仕事より踊っている方が楽しいに決まってるわよ!③
チート能力ならず普通にダリア王国からその時が来るであろう日に備えて、先祖様達が繋いでくれている生活に甘えていると言いたいのかしら。実際甘えているけど、使えるものは使わなきゃ損でしょーが。用済みと烙印を押される可能性もあるから小さな仕事でもいいから働きなさいっていうのよ。
あたしは踊っていればいいの、それだけで満足なの。
年中踊っているとファンも増える訳、チップももらえたりなんかして、踊り子に転職しようかな?とか思っちゃう。まぁダリア王国を裏切る事なんてするつもりがないから自分の中だけで消化してる感じね。
「ミゲルどこ行くのよ」
「いいから早くいくわよ」
「へいへい」
大した金額稼げる訳でもないのに、職業鑑定とかありえないんだけど。それこそ早く勇者様が出現してくれたら助かるんだけど、本来の仕事がはかどるっての。
でも……まてよ? 忙しくなってしまうという事は、踊りの時間が短くなるじゃん、いや短くなるだけならマシ。最悪踊り子引退? て状況になるんじゃない。それは阻止しないといけない、なんとしても。まぁ今の状況で国王からの依頼が来る事はないんだけどね、多分。
(最悪なタイミングで現れんなよ、勇者よ)
大賢者様の真似をしてみるけどあたしには似合わな過ぎて笑えてくる。ほっぺを膨らまして笑い声をあげるのを我慢してんだけど、今ミゲルに顔見られたらやばいよね。なーに妄想してんの、気持ち悪いとか暴言吐かれるもん。
(いくら占い師でも心の声は聞こえないよね)
ミゲルの能力はあたしの鑑定士としての能力と方向性は違うけど、かなりのもの。ダリア王国から守られているのはあたしだけじゃないんだよね、あたしの手を引っ張って強制連行するこのミゲルもそうなんだから、驚きよ。
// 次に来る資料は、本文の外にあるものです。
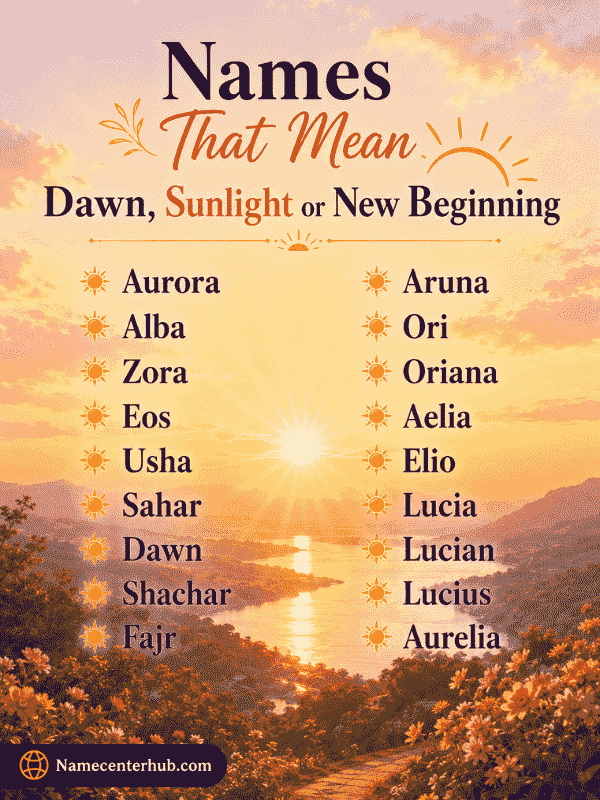 Names That Mean Dawn, Sunlight or New Beginning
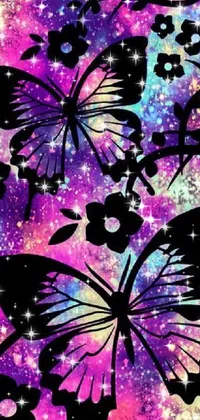 Get ready to elevate your phone's style game with this stunning live wallpaper that blends delightful butterflies and vibrant flowers in a purple background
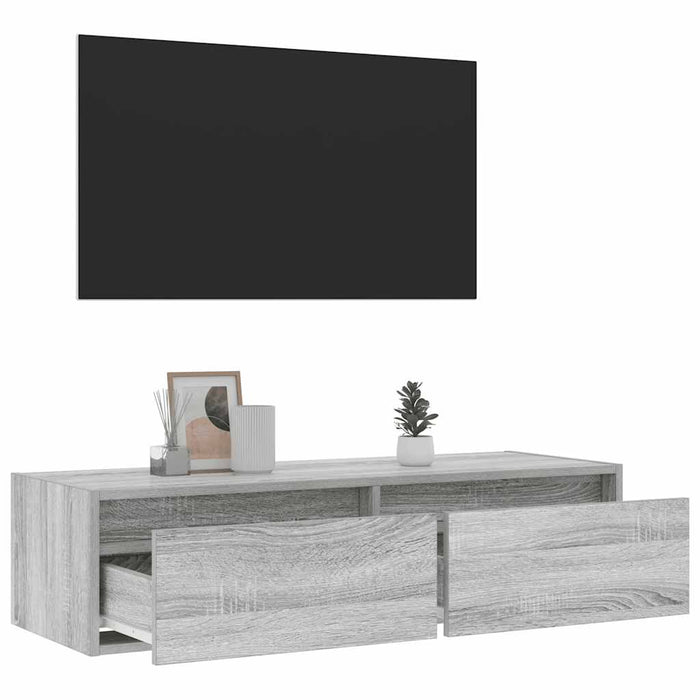 Comodă TV cu lumini LED, gri sonoma, 100X35,5x25 cm - WALTI WALTI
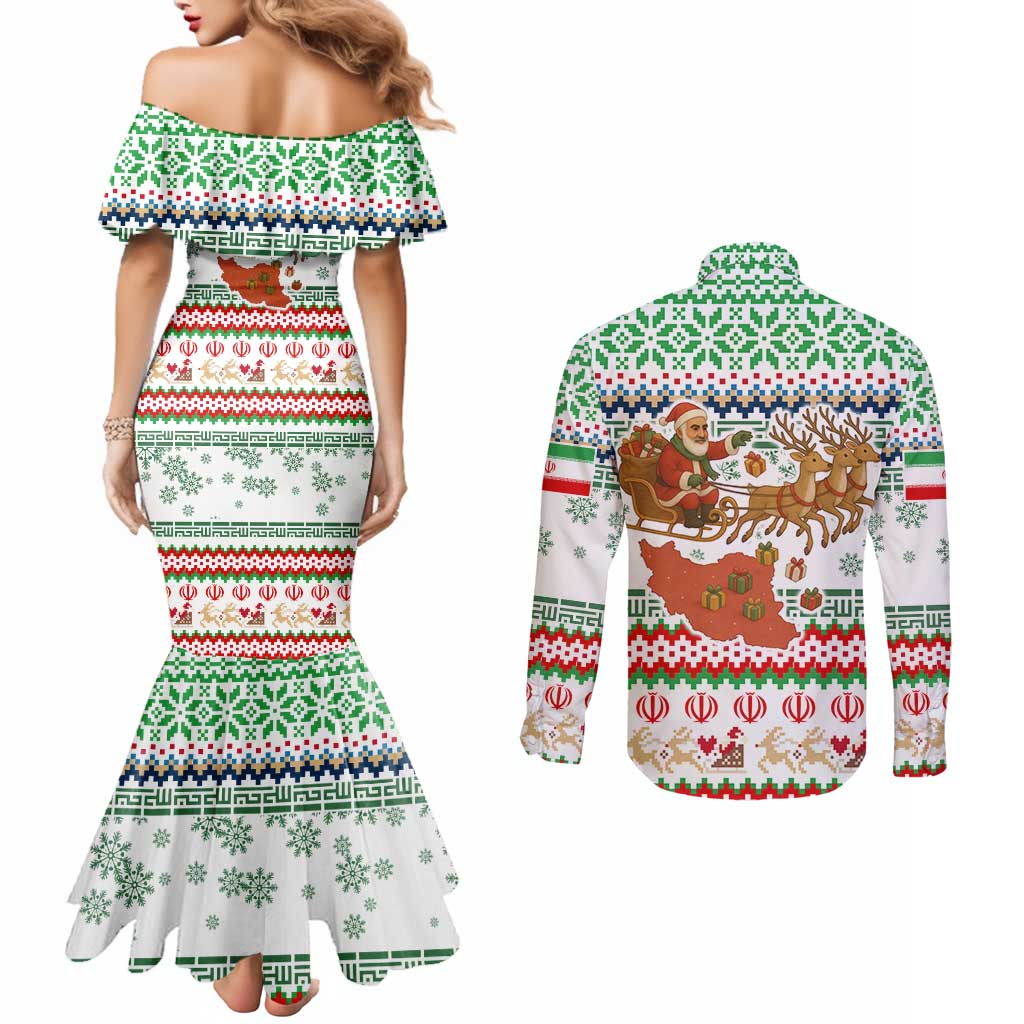 Iran Christmas Couples Matching Mermaid Dress and Long Sleeve Button Shirt with Santa Sleigh Reindeer Map and Green Red Snowflake Pattern - Wonder Print Shop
隣同士で店を構えているって言っても、あたしは殆ど弟子に任せているし、ミゲルは仮面をかぶって顔を隠す正体不明の占い師といわれている。彼女の予知能力は全て的中する。勇者の出現も近いと言っていたんだけど、今回は外れかしらね。
今まで外れた事、一度もないから不安でしかないわ。
「仕事したくないー」
「心の声、漏れてるわよ」
「うぐ」
「嫌そうな顔してもダメ。子供じゃないんだから」
「えーあたし子供だもん」
「寝言は寝てから言いなさい」
サザはいいわよね、仕事しなくてもいいから。ま、親御さんが防具屋してるから相当儲かっているはずなのに、あの子はあたしみたいに駄々こねたりしない。そう考えると子供らしくないかもしれない。あたしの幼少時代とは明らかに違うサザの行動に振り回されている? もしかして。
「サザの方がジュビアより大人だわ」
「それあたしも思った」
関心していると軽くパンチが飛んでくる、それもお腹に。いつもの攻撃が出てきたか……ミゲルお得意の怪力パンチ。これをくらうと一週間痛むのよね、本当勘弁して。
(そう思っているのはミゲルの方か)
まるで他人事のように思いながら、引きずられ仕事場へと連れていかれるあたしってかわいそうな女よね。